If we look into history of different countries we will find that
different countries faced the financial crises at different times. As the world
is facing now financial crisis now also, the question comes in mind that who
are those who run this finance horse, what are the reasons which leads to
financial crises? Or is there is someone who is holding all the strings and
keep them pulling? So many questions come in mind when mind starts thinking
about it.crisis-recession-global-financial. Well I had searched about this and
compiled these ten nasty crises. Check out these ten dramatic crises
Asian Financial Crisis (1997 – 1999)
South East Asia was a hot international investment destination during
1997-1999. The high short-term interest rates of ASEAN countries given foreign
investors favorable rates that made the fluent capital flow of in the region.
In the early 1990sthe growth rates were so high as 12% of GDP, and
assets prices were increased also, leading analysts refers it as a remarkable
thing as “Asian Tigers” and “Asian Economic Miracle”.
In meantime Thailand, South Korea and Indonesia were having huge
deficits for that these countries borrowed quite a bit of money externally
keeping their own interest rates fixed which at end lead them to damage in foreign
markets.
In early 1990s foreign investors turned out from Asia as higher U.S,
interest rates made dollar value high, this affected South East Asia’s exports
as their currencies were pegged with the U.S. dollar, so in result they lost
their exports competitiveness. By the beginning of 1996 South East Asian
exports were slowed down, at least it was fueled by China’s increased
competitiveness in the export market.
What were the causes of that crisis?
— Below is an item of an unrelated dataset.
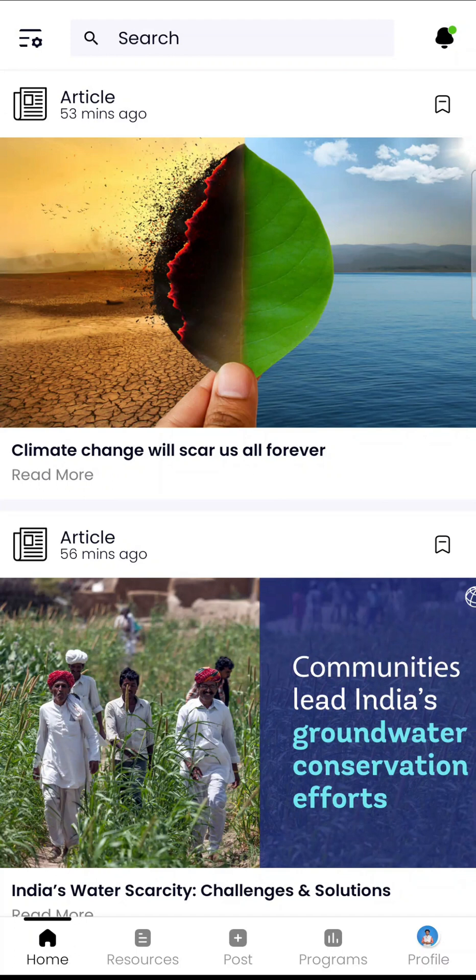New features on the Earth5R app are going to be updated from time to time, and a new updated video will be released whenever the app is updated.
Some say that it was because of the
policies leading to large amounts of credit pushing up asset prices which
collapsed then which lead to a massive debt defaults (kind of like the sub
prime crisis).
The foreign investors got the infectious fear so they pulled out their
investments. To hold the region attractive for foreign investors ASEAN
governments pulled up their interest rates and bought up excess domestic money
using foreign reserves. Which lead the government’s central banks run short of
foreign reserves and on other hand capital was still flying out from the
region.
Thailand’s government floated the bath in 1997 to engage the Asian
Financial Crisis. Regional currencies depreciated making liabilities in terms
of foreign currency more expensive in domestic terms. It melted down the whole
economic sectors and people felt into poverty. Stock markets crashed down and
currencies devalued. That led to the political destabilization with so many
executive resignations and increase in extremist groups.
The International Monetary Fund made bailout packages stating removal of
faults in exchange for debt defaults. In these reforms government expenses were
cut down, allowing banks to fail, raising interest rates and becoming more
transparent.
So far the results of the IMF’s actions are doubtful for reaction against
powerful international NGOs that continues today. According to some analysts
Asian crisis had also contributed to the recent United States housing bubble.
Lesson
In crisis if rich people interfere offering their money in exchange for
an agenda that not for sure always their agenda will work or will be having any
useful results. Financial meltdowns can happen with blink of an eye.